The hearing was called “Protecting America’s Harvest,” and as usual, Democrats and Republicans had entirely different views on the topic – and they had entirely different views on Colbert’s presence. One thing is for sure, however – Colbert brought the hearing vast amounts of publicity it would never in a million years have gotten otherwise.
And while Republican members generally found his presence to be a distraction, Democrats were no doubt pleased to get the extra attention.
Colbert used his character, which we would describe his idea of a parody of a conservative political talker, to satirize the issue in a way that can only be seen as favorable to the Democratic position.
Acknowledging the controversy on Colbert’s presence at the witness table, House Judiciary Chairman John Conyers (D-MI) actually asked Colbert to leave and rely on his pre-submitted written testimony to make his views on the topic known. Colbert said he was there at the invitation of House Subcommittee on Immigration, Citizenship, Refugees, Border Security, and International Law Chair Zoe Lofgren (D-CA), and would honor her wishes. She said to testify, and Conyers later withdrew his early exit request.

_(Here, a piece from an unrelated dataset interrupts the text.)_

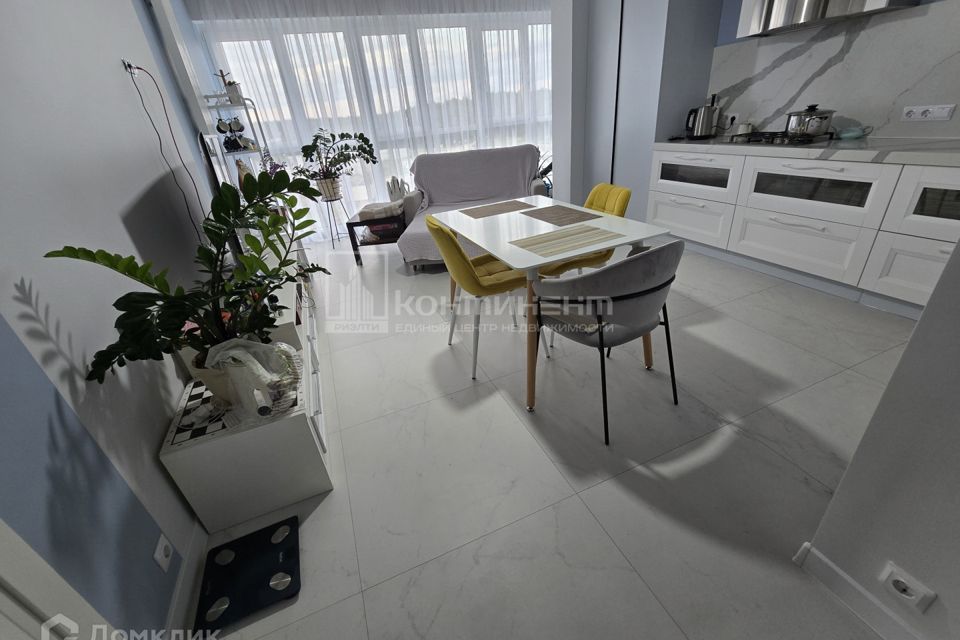 Продаётся 2-комнатная квартира, 72 м²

Colbert had worked for one day alongside farm workers as part of a Take Our Jobs event at which he met Lofgren and agreed to later appear on the Hill.

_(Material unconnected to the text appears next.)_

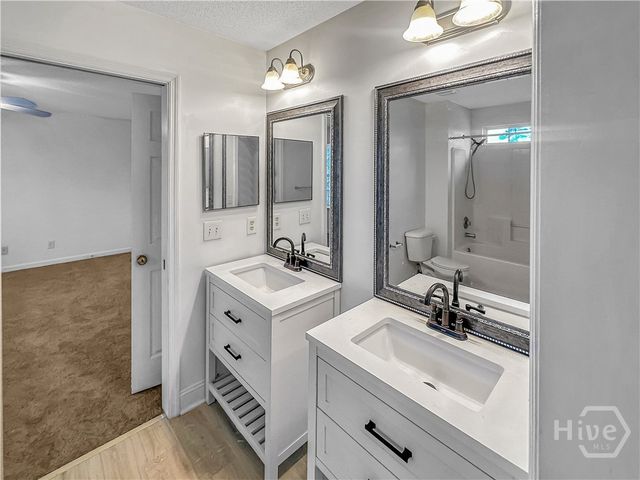 3 Redding, Savannah, GA 31419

He said that one day of working with fresh produce was enough, concluding, “At this point I break into a cold sweat at the sight of a salad bar.”
Colbert’s oral testimony could easily have been a five-minute segment on his program. His prepared testimony had no relationship to it whatsoever. In fact, it was quite serious. Discussing his decision to accept the offer of UFW leader Arturo Rodriguez to participate in “Take Our Jobs,” he wrote, “As a comedian and satirist, the temptation of subjecting my character to manual labor proved impossible to resist. I offered to be the fourth. Joined by Congresswoman Zoe Lofgren — longtime advocate for farm workers’ rights — I traveled to upstate New York where I spent ten hours picking beans, packing corn, and learning about the stark reality facing American farms and farmers. I learned that many farms are closing, growers are planting less or switching to other crops, and the production of fresh foods and vegetables is moving abroad. I learned that American farmers have moved at least 84,155 acres of production and 22,285 jobs to Mexico, and that between 2007 and 2008, 1.56 million acres of US farmland were shut down. 1.56 million acres is about twice the size of Delaware. At the request of Congresswoman Lofgren, I am here today to share my experience as an entertainer turned migrant worker, and to shed light on what it means to truly take one of the millions of jobs filled by immigrant labor. They say that you truly know a man after you’ve walked a mile in his shoes, and while I have nowhere near the hardships of these struggling immigrants, I have been granted a sliver of insight.”